I HAVE MEASURED OUT MY LIFE IN COFFEE SPOONS.

On September 9, 2007, in Uncategorized, by The News Staff

Off The Shelf by Doug Holder

I was staring at my usual oatmeal scone at the Sherman Café in Union Square, Dougholder_2_3 Somerville last Sunday when I realized to some extent that : “I have measured out my life in coffee spoons,” as T.S. Eliot wrote. For as long as I can remember coffee shops have been a balm; a comforting presence in my life. My late father was a consummate New York City PR man from the 1950’s until his death several years ago. He wasn’t a coffee house sort of guy, but he did frequent the popular watering holes of the time like “P.J. Clark’s” and the “Twenty One Club.” And even in his 80’s he hopped onto the train into the city to met his old cronies from back in the day to down a few and chat. My late uncle Dave Kirschenbaum, a noted rare book dealer, and the owner of the Carnegie Bookstore on New York’s Book Row, had breakfast at the same hotel near Central Park for over 50 years. When he died they affixed a plaque to his table with his name on it.

Well, I have not frequented such illustrious places on a regular basis, but through most of my 52 years there has been a coffee shop, house, or counter in my life.
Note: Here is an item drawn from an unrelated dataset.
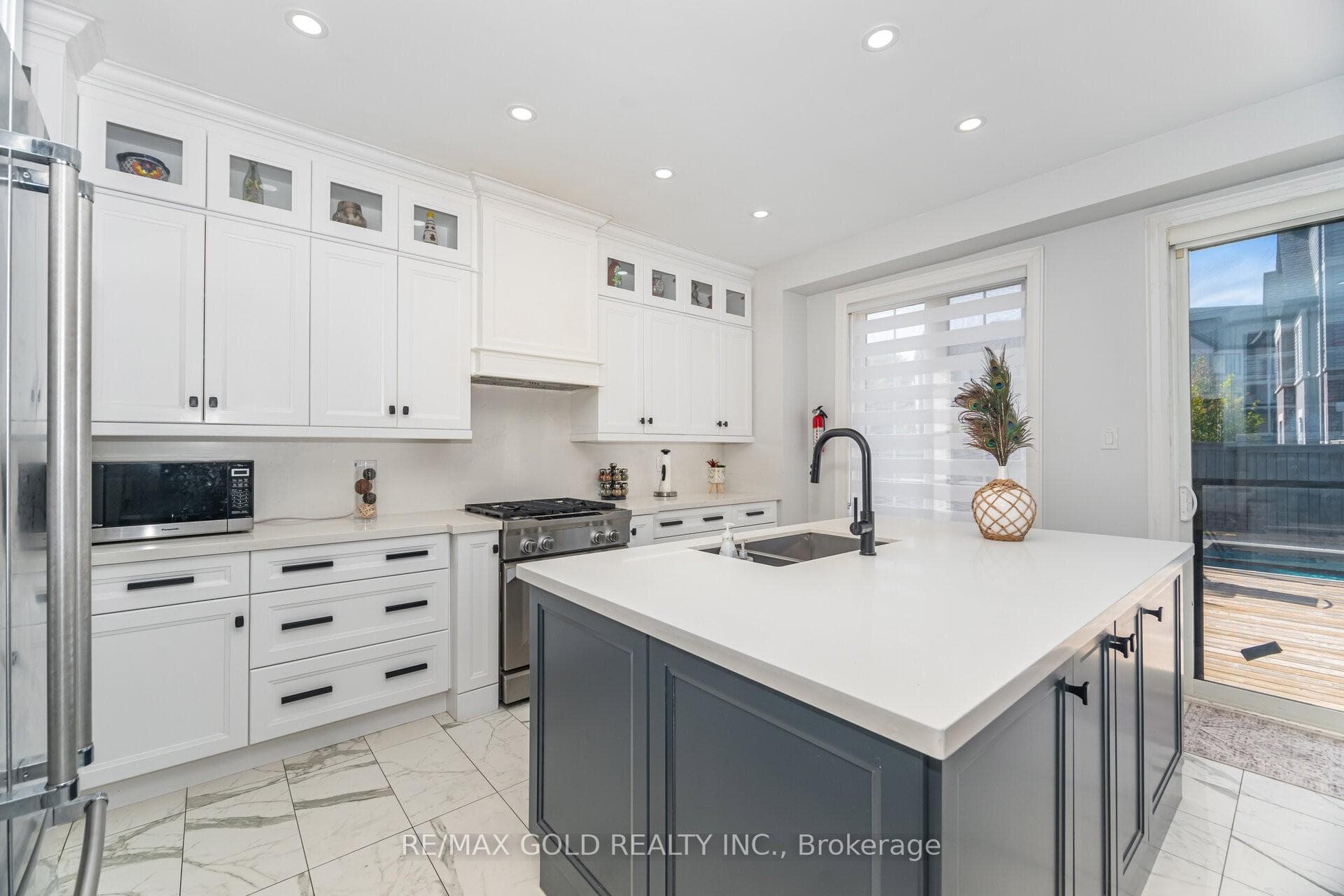 10 Donnan Drive photo 6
When I first moved back to Boston after college in 1978 I lived in a rooming house on Newbury St in the tony Back Bay section. I used to habituate the counter at the Guild’s Drugstore which was on Boylston Street across from the Lenox Hotel. I always had a glorious hash and eggs that stuck in my stomach like an anchoring lead weight. The sight of a bright yellow yoke sun oozing over a pungent hump of corned beef hash was a simple, daily pleasure. Behind the counter was Ethel, a tough-talking, middle-aged lady from Southie who spoke with the heavily accented r “s” of a true native. She had an arsenal of stories about life in the Colonial Projects, about her ner-do-well husband, and the hijinks of an insufferable son. Both food and anecdotes were generously served to all. David Brudnoy, the WBZ talk show host and cultural critic was a regular. He was always leafing through a stack of newspapers, while he ate a rather pedestrian meal of toast and coffee. I never got up the nerve to speak to him, although he was my idea of what the urbane, man-about-town should act and look like. There was also Walter, the obese candy counter clerk, who had an impressive breakfast of a half dozen eggs, several English muffins wading in butter, and of course a pile of grease-infused hash browns. Walter was forever talking about the novel he was working on and nobody seemed to want to challenge that notion.
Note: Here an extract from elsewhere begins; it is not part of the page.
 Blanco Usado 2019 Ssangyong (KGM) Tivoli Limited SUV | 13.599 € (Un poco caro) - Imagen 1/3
Later, Brueger’s Bagels and the Au Bon Pain became my morning refuge. Over a series of regular breakfast with my friend Richard Wilhelm, we birthed a literary
baby at a corner table and we named it the “Ibbetson Street Press.” Later, at the bustling Au Bon Pain in Harvard Square, poet Harris Gardner and I came up with the idea of the “Bagel Bards” a weekly writers’ group that meets at the Au Bon Pain in Central Square, Cambridge and Davis Square, Somerville throughout the year.

When I moved to Union Square some 6 years ago, I had a short-lived affair with the Grand Café. I even managed to organize a poetry reading there, and nurtured a friendship with the owners. But just like friendships- businesses are fickle and they come and go.

And now the Sherman Café has been a long commitment of mine. I mean I have gotten more than a few poems from the fertile “grounds” of the place. I am such a steady presence that the staff becomes concerned when there is a slight deviation of my pro forma order—from iced to hot coffee for instance.

But there is something about these shops. Amidst the chatter I have clarity and concentration. Amidst the din I can write. When I bite into a scone I am home. Maybe this was a reason the writer Isaac Bashevis Singer used to haunt the cafeterias in New York City.

I really don’t want to think about it. In the end I am happy to sit, and sip.